Kobitek.com web sitesi, analitik ve kişiselleştirme dahil olmak üzere site işlevselliğini sağlamak ve reklam gösterimini optimize etmek için çerezler gibi verileri depolar.
27 yılını patron, 25 yılını da yönetim danışmanı olarak sürdürdüğüm 52 yıllık çalışma hayatım boyunca, bunun aksine pek rastlamadığımdan, eğer sizin, patronunuz/patronlarınız veya üst düzey yöneticileriniz bu kategoriye girmiyorsa, çok şanslısınız ve de "işinizden memnunsanız, her zaman yolunuz açık olsun" diyerek, konuya devam etmek istiyorum! ????
Çalışma hayatında şu sıralar en çok dikkat çeken olayların başında, özellikle genç kuşakların çok çabuk iş değiştirdiklerini gözlemlemekteyiz.
Bunun sebeplerini araştırdığımızda, bu genç kuşakların pek de haksız oldukları söylenemez!
Çünkü onlar, teknolojiyi üretemeseler de, kendilerinden önceki kuşaklardan çok farklı olarak sonuna kadar kullanma yetisine sahip olduklarından, aidiyet duygusunu bir tarafa bırakarak;
Yönetim ve davranış tarzınızı beğenmeyince de, canları sıkılıyor ve işi bırakıp gidiyorlar!..????
Yazının başlığında da belirttiğim gibi, bu tür yönetim yanlışları içinde bulunan bazı üst düzey yönetici veya yönetici adaylarının çoğunlukla departmandaki ekip arkadaşlarının çalışmalarını değerlendirirken, konunun uzmanlarından Aile Şirketleri Danışmanı ve Veliaht Koçu Sn.

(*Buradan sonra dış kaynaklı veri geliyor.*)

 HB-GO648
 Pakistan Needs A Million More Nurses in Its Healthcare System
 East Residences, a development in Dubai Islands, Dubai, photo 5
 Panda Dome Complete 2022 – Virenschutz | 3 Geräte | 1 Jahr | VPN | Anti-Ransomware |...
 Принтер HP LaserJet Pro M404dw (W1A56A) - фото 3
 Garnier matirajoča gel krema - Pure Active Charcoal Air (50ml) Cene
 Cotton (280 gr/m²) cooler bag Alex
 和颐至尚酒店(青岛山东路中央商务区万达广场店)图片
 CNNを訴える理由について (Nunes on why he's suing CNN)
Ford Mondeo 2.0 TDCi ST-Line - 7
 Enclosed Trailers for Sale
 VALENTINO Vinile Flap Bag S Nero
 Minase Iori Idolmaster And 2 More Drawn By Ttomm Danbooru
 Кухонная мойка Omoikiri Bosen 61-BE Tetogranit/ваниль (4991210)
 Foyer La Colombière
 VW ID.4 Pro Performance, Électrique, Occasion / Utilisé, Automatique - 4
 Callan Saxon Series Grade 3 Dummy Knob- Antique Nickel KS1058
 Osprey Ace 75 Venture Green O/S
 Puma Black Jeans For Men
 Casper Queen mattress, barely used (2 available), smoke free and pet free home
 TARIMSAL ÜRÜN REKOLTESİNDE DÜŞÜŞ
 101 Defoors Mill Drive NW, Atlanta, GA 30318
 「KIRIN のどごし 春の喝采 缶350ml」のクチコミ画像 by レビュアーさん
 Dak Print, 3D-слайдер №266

Deniz Çağla Gençtürk’ün LinkedIn’deki konuyla ilgili makalesinde yansıttığı gibi, maalesef genellikle;
Bir türlü rahatlayamadıklarını, yapılanları beğenmediklerini, layığı ile teşekkür etmediklerini, hep yapılacak daha çok iş varmış edasıyla ortalarda salınıp, yapılanların yetmediğini ima ettiklerini görürsünüz!
Ekip üyelerinin yakınmalarının da, genellikle şu çerçevede olduğunu duyarız. "Ne yapsak beğendiremiyoruz", "Kesinlikle yaranamıyoruz", "Bunları çok iyi yapsak bile, bir teşekkür dahi etmeden, çok daha fazlasını istiyor"gibi cümlelere, çok sık şahit olmaktayız!..
Değerli hocam Yusuf Soner "Büyük Düşünmek Zamanı" adlı kitabında, zamanında Coca Cola’nın Ceo’su olan Muhtar Kent’in yöneticiliğinden; bir yöneticinin, her zaman ‘hoşnutsuz’ ancak ‘yapıcı bir hoşnutsuzluk’ içinde olması gerektiğinin, bir örneği olarak bahsetmiştir.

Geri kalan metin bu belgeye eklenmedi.